* **Your instructions**
In the records below, the line with "452509L Амортизатор газовий" and every line after it must be written out exactly; no pictures belong in the result.
======== Source material ========
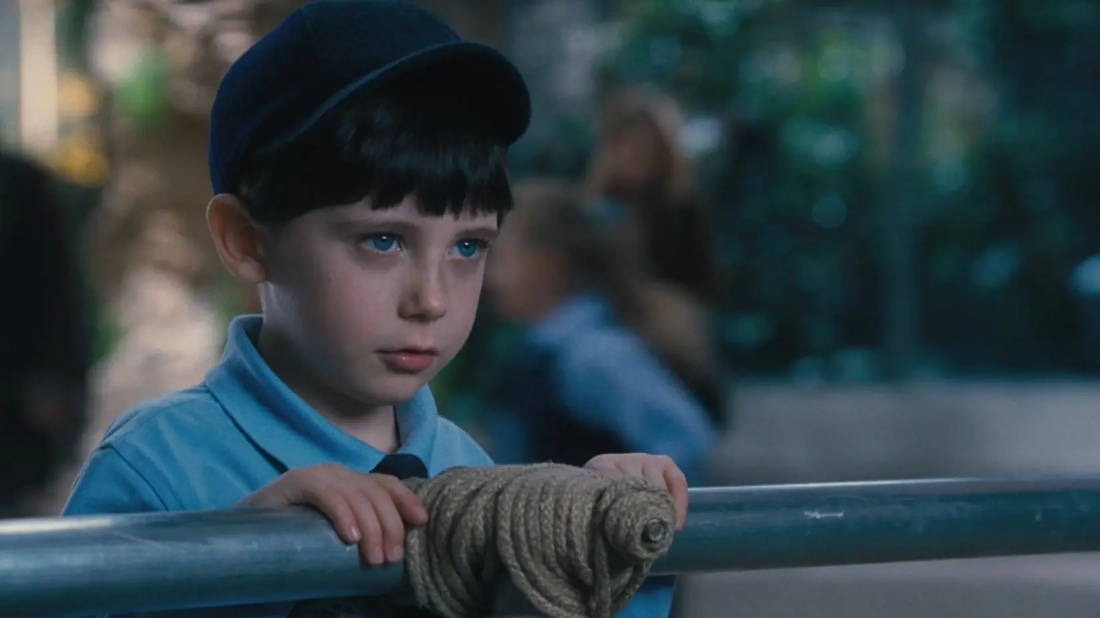 Kehanet V: 666 (The Omen) izlemek için tıklayınız.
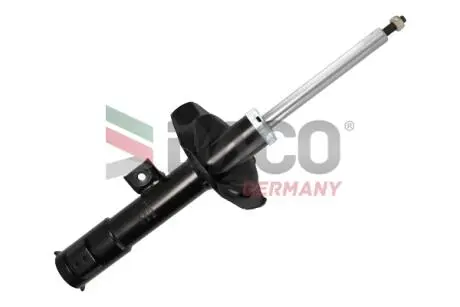 452509L Амортизатор газовий DACO підбір по vin на Brocar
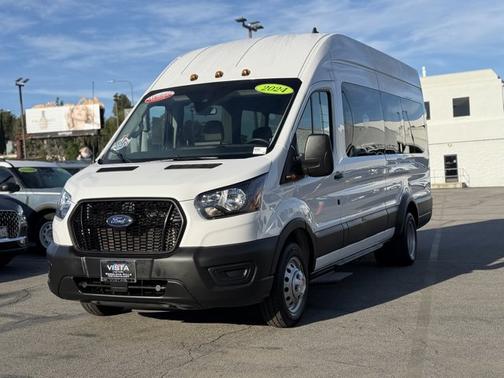 2024 Ford Transit-350 XL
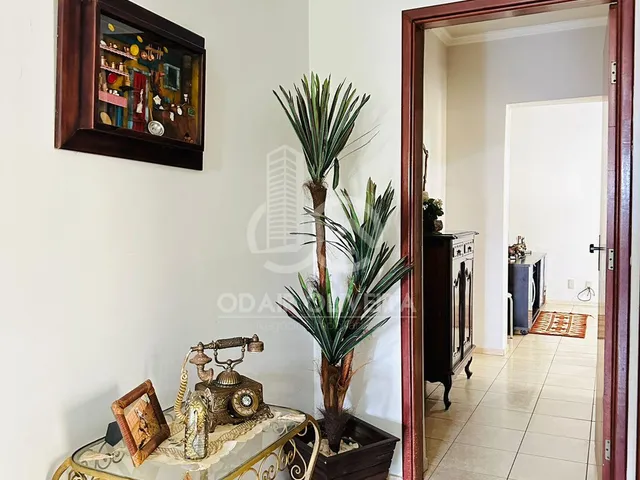 Imagem 2: Apartamento com 3 Banheiros e 2 Lavabos À Venda, Centro, Passos - Mg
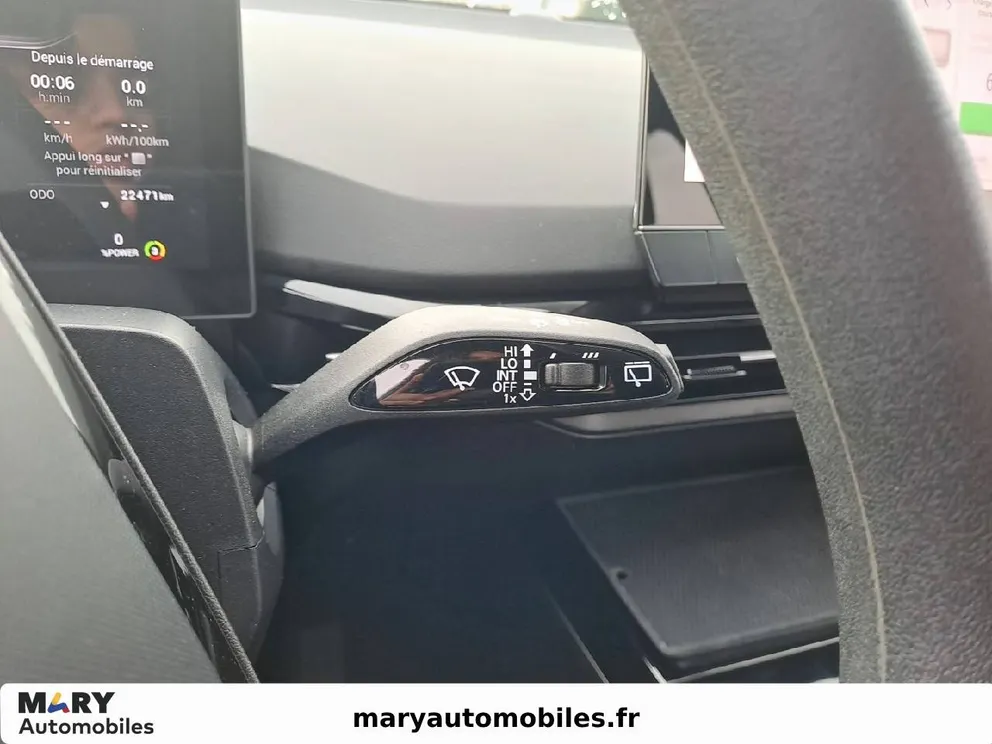 Véhicule occasion 212651 - mg MG4 - Photo 16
========
* **Written response**
 452509L Амортизатор газовий DACO підбір по vin на Brocar
 2024 Ford Transit-350 XL
 Imagem 2: Apartamento com 3 Banheiros e 2 Lavabos À Venda, Centro, Passos - Mg
 Véhicule occasion 212651 - mg MG4 - Photo 16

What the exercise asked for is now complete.